First, Jobs was not a technological innovator in any significant sense. As has been told many times (though not often in the past week), the snappy, intuitive Mac interface was invented at the Xerox Palo Alto Research Center. Jobs oversaw the process of squeezing it down to fit in a box with 128K of memory and no hard drive. Those first Macs barely ran, but they got the ball rolling. There are many other examples. I toured the Mac assembly line in early 1984 -- the manufacturing technology was Japanese and had never been used in the US the way Apple was using it.

So part of Jobs's genius was recognizing the potential in other people's inventions, and executing the consolidation and integration of those developments.
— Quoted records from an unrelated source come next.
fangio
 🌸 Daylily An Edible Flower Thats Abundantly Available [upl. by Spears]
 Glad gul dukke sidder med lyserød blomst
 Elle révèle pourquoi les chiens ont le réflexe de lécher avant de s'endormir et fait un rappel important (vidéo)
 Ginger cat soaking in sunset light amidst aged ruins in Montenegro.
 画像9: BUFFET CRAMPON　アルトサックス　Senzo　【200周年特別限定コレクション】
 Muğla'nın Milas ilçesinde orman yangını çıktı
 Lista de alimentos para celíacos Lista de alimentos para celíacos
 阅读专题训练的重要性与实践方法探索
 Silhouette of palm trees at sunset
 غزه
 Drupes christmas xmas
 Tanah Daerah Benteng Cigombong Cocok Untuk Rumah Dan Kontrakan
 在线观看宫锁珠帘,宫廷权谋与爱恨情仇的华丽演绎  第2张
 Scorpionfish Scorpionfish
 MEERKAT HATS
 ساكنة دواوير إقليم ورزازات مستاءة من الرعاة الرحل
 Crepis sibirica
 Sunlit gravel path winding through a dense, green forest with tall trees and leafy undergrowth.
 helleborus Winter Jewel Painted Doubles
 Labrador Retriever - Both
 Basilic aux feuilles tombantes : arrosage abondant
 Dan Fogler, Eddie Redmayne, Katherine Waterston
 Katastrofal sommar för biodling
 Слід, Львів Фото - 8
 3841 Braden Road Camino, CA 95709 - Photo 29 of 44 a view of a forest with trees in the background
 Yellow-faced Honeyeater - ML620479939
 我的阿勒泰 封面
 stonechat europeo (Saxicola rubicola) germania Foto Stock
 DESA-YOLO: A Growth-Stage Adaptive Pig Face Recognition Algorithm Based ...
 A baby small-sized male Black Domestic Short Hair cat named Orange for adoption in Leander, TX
Of course, this is not really a negative. The world is full of examples of inventions that changed the world due to the genius of the executor, not the inventor. (Think Facebook.)

Second, Jobs's uncompromising insistence on simplicity sometimes got the better of him. When the Mac was designed, it was a courageous decision to insist on a one-button mouse. That was the source of some ridicule at the time (as well as some admiration). PCs already had two-button mice and there were experiments with 3-button mice. In this case the insistence on simplicity was right. But Jobs also insisted on a keyboard with no function keys. That pretty much cost Apple the business market, because Excel users needed function keys. I felt sorry for the true-believing Apple salespeople trying to sell Macintoshes into the workplace. Except for graphic design, it was a non-starter. So in this instance at least, the refusal to compromise was short-sighted. The course of computer history would have been different if Jobs had put function keys on the early Mac keyboards.

And finally, I am glad to learn that Jobs was a good family man, but he wasn't always a nice person to the people who worked for him and who challenged his absolute authority. Perhaps some of those people have already written about their experiences or will do so shortly. And even with family members, it wasn't always all love all the time--for years he refused even to acknowledge his first child.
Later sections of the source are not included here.